En 1986 Mozambique ya no soportó más. Kenneth Kaunda, presidente de Zambia, sucumbió a la presión de los bóeres y expulsó al RENAMO de su país. La gran matanza del RENAMO contra Machel había comenzado y todo estaba en el borde de un precipicio. Se suponía que la muerte de Machel debía acabar con el bloqueo.

Pero Pretoria lo negaba todo. Incluso el ministro al que había visto en aquella avioneta. Especialmente él.

Eso era lo que más asustaba a Jacobus. Sabía que estaban mintiendo y sabía lo que estaban dispuestos a hacer para mantener la mentira.

Después de cinco meses en la reserva, le encontraron.

Un día regresó de la sabana y el gordo Job Lindani, el gerente suazi de sonrisa fácil le dijo:

—No vuelvas a casa. Hay unos hombres blancos que te esperan. Bóeres.

Huyó de nuevo.

Frans era el que había conducido el jeep en el aparcamiento del hospital. Tumbé su cadáver junto al de Vannie, aplasté su radio en el suelo con el pie, recogí la mochila y el Galil de Vannie y avancé hacia la casa en la oscuridad.

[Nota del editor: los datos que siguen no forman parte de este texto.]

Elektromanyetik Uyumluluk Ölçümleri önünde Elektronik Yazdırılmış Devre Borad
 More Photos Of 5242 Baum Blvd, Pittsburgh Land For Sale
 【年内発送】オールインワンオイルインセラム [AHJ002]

Había al menos otros tres afuera, pero sospechaba que eran más. Si solo había cinco no necesitaban venir con dos vehículos. Calculé seis. Eso significaba otros cuatro. Por lo menos.

—¿Vannie, me oyes?

Abrí la mochila en la casa, a oscuras. Agua embotellada y bocadillos. Olían a pollo.

—¿Frans, qué estás haciendo?

Busqué mis Twinkies. Solo encontré la caja vacía. También pagarían por esto.

—Frans, adelante, Frans.

Comí y bebí deprisa. Solo lo suficiente para calmar el hambre.

—No me lo creo.

Recogí el Galil y salí por la puerta de atrás, pasé junto a los vehículos, y me dirigí hacia el sur, al denso matorral donde había esperado la noche anterior.

—Eric, creo que tenemos problemas.

—Joder.

—También tendrá el rifle.

Eric procesó la información.

—Y quizá también la radio —dijo Eric—. Quédate quieto y dispara contra cualquier cosa que se mueva.